The romance at the heart of Bones and All, while disarming and real on so many levels, is but the gateway to unpacking all manner of metaphors. There are some that will look at Lee and Maren and see an allusion to generational trauma. Others will recognize the curse of addiction or even shades of the queer experience in their tumultuous odyssey through the Reagan-era midwest. But that’s the beauty of this very cerebral, very preternatural corner of horror. All of the above can apply in one film, and Guadagnino has been doing this long enough to recognize that.
Guadagnino has a well-documented love for the chilling themes at play in Bones and All, though he’s equally well-known for his grasp on coming of age. He’s spent years mastering each in their own projects; never all at once. But in his latest effort, the director has married the grotesque, baroque horror of Suspiria with the sun-streaked longing of Call Me By Your Name and We Are Who We Are. He’s united the two halves of artistic expression that would otherwise be locked on the two opposing sides of his filmography, and it’s created an incredibly fresh world for his actors — be they returning players or first-time collaborators — to explore.

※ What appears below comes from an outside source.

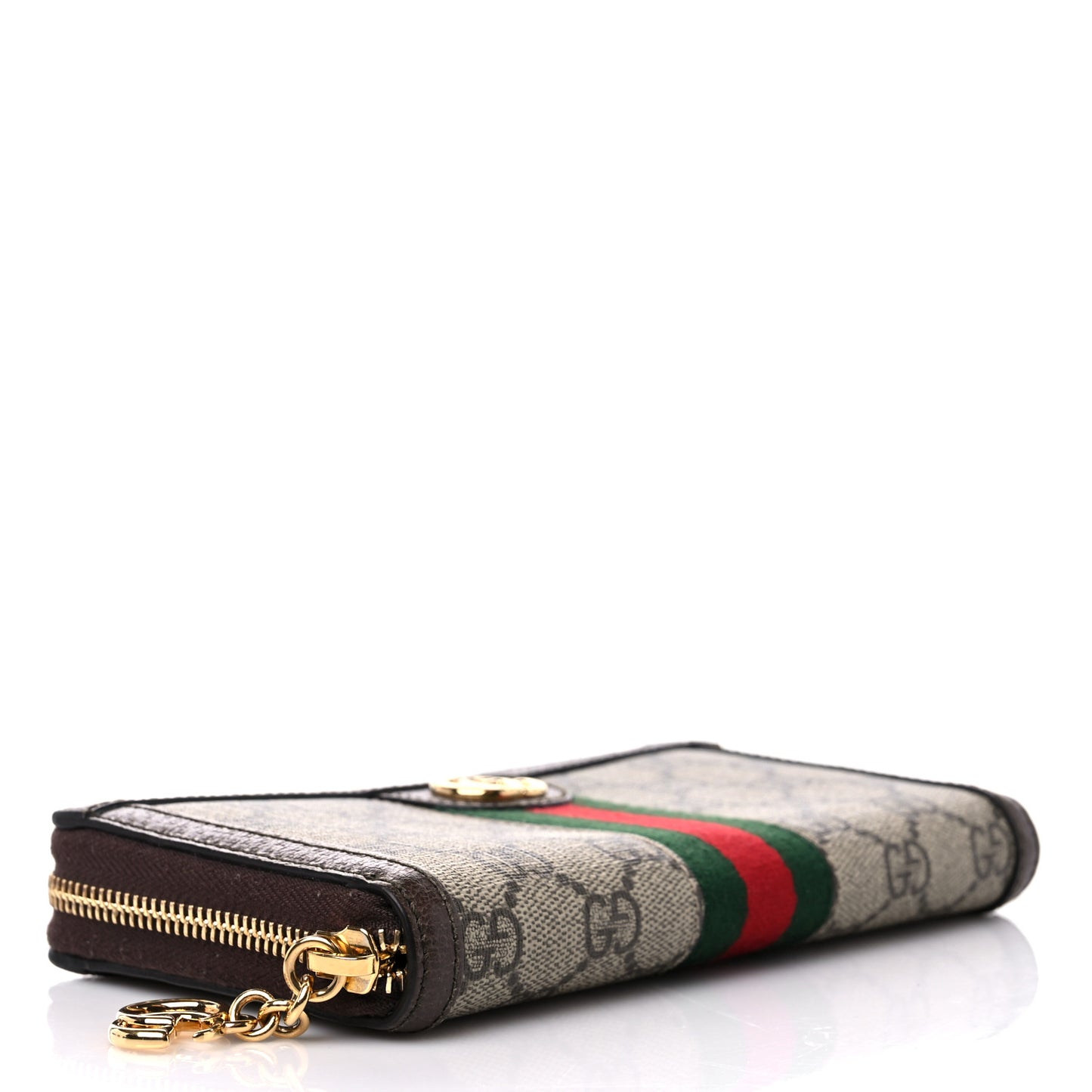GG Supreme Monogram Web Ophidia Zip Around Wallet Brown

There could have been no doubt that Chalamet’s second collaboration with Guadagnino would live up to its lofty expectations. Chalamet is not an actor that often “transforms”; he’s more prone to slip characters onto his own body like a translucent skin, endowing them with his own tics and foibles — and somehow, they manage to feel like different people each time. It’s no different in Bones and All, except now Guadagnino is able to pull even more out of a Chalamet that’s five years older than the boy in Call Me By Your Name … and if not wiser, then painfully more aware of the workings of the world. It’d be easy to name him the sole star of this film — and given the star power Chalamet generates on his own, many will certainly try — but that’s an accolade that absolutely must be shared with Taylor Russell. Alone, each is fantastic, delivering minor masterclasses in the primal, the tender, the hollow. Russell especially is an It Girl in the making. Her performance may feel subdued compared to Rylance’s innate scenery chewing, or Michael Stuhlbarg’s (Call Me By Your Name) harrowing cameo, but it’s the grounding force that keeps this ever-shifting story focused, and brings the best out of the rest of the company.

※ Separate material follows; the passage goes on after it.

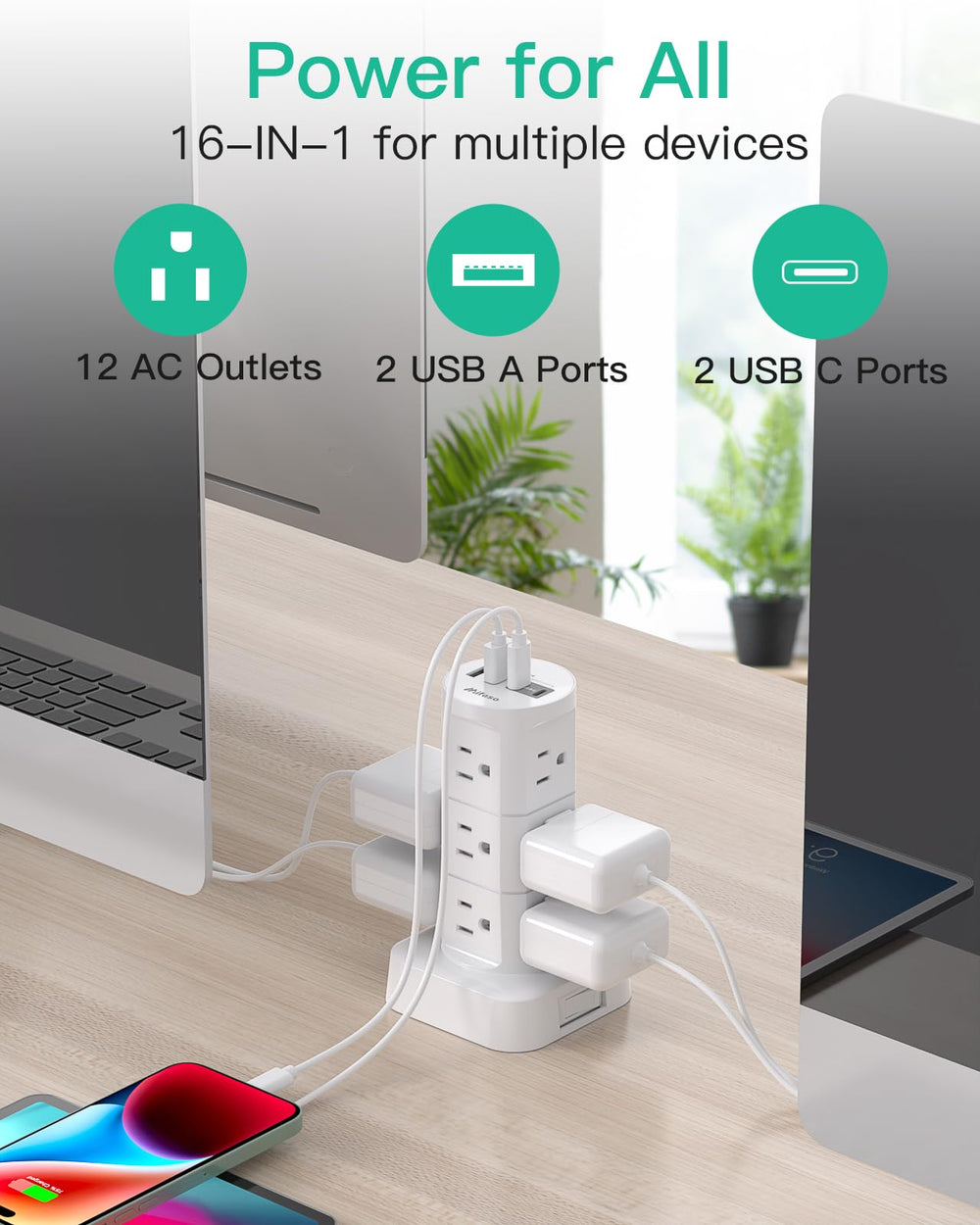 Mifaso power strip with integrated circuit breaker for safe operation.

Together though, Bones and All fully and finally sings. It’s magic — awkward, earnest magic — when Russell and Chalamet share the screen. It’s almost enough to make you forget that these crazy kids do, in fact, eat people: For all its focus on the animalistic, Bones and All still favors the delicate, the dreamlike. It works to find the beauty in the dark, skulking corners of our world, and show that even the savage can bask in the light now and then. Death and violence are but a manifestation of the otherness that these “eaters” experience. They take their curse and learn to live with it, learn to work around it, and find connection and love in spite of it. Whether it could possibly end well for everyone involved is one of the great mysteries in Bones and All — and like a winding, cross-country pilgrimage, it’s going to take its sweet time laying it out for us.